As Legal Ethics is studied toward the end of the JD, it is able to consolidate the ethical dimension of other subjects, as well as critique ethical assumptions made in other subjects about the role of lawyers.
Legal Ethics is a practical and critical introduction to ethical decision-making for lawyers. It introduces different moral approaches, focusing on the justifications for and criticisms of the traditional adversarial advocate approach and alternatives to it. The course also critically examines the way that the legal profession has developed and is organised and how it is currently regulated, including through admission and disciplinary processes. It also examines the law of lawyering that applies to lawyers including laws and professional conduct rules relating to conflicts of interest, confidentiality, privilege and the duties owed by the lawyer to the court, as well as circumstances in which lawyers have an immunity from civil liability (advocates immunity). Students will be expected to identify and resolve ethical issues that arise in legal practice by applying the law of lawyering as well as understand the rationales for, as well strengths and weaknesses of, the current law of lawyering. Students will also be expected to critically assess the way lawyers' ethics are regulated by these rules against different moral approaches to legal ethics.

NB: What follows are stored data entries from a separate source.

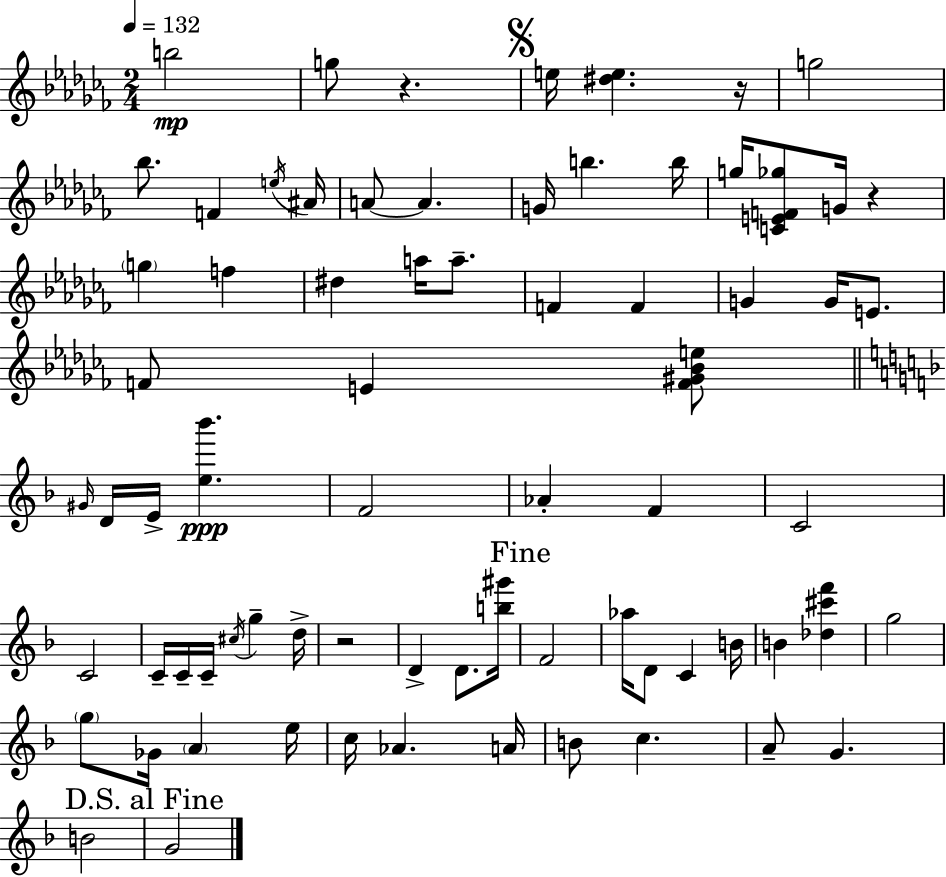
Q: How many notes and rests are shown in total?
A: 73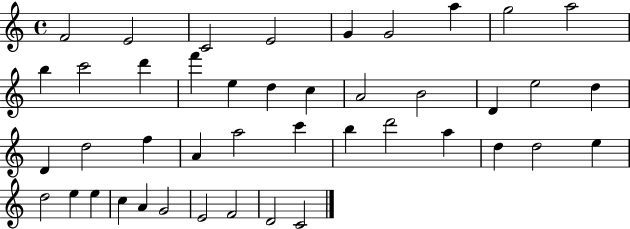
X:1
T:Untitled
M:4/4
L:1/4
K:C
F2 E2 C2 E2 G G2 a g2 a2 b c'2 d' f' e d c A2 B2 D e2 d D d2 f A a2 c' b d'2 a d d2 e d2 e e c A G2 E2 F2 D2 C2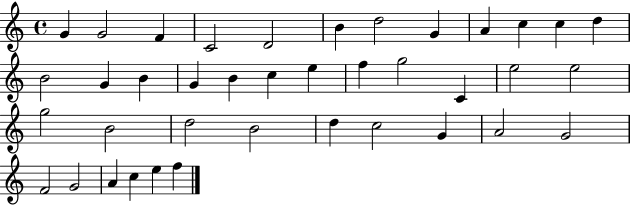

Legal Ethics builds on the knowledge and skills developed in a number of earlier subjects in the curriculum, including primarily Dispute Resolution (regarding the role of lawyers in relation to dispute handling, and duties to the client and the court), Obligations (contractual, equitable and statutory obligations to the client), Torts (lawyers’ liability in negligence), and to a lesser degree, Principles of Public Law (regarding the regulation of lawyers), Constitutional Law (regarding arguments for and against self-regulation of lawyers, and regulation of lawyers at a State level) and Legal Theory (regarding perceptions of justice).
Legal Ethics will normally be taught simultaneously with Evidence& Proof. This allows for an integrated approach to issues such as Client Legal Privilege and the lawyer’s obligations in regard to the admissibility and validity of evidence to be tendered in court.
Legal Ethics takes special responsibility for the development of skills in considering a range of options in response to a legal problem and in identifying those which are sound and principled, as well as skills in judgment and diplomacy.
PreRequisites
Legal Method and Reasoning, Principles of Public Law, Torts, Obligations, Dispute Resolution.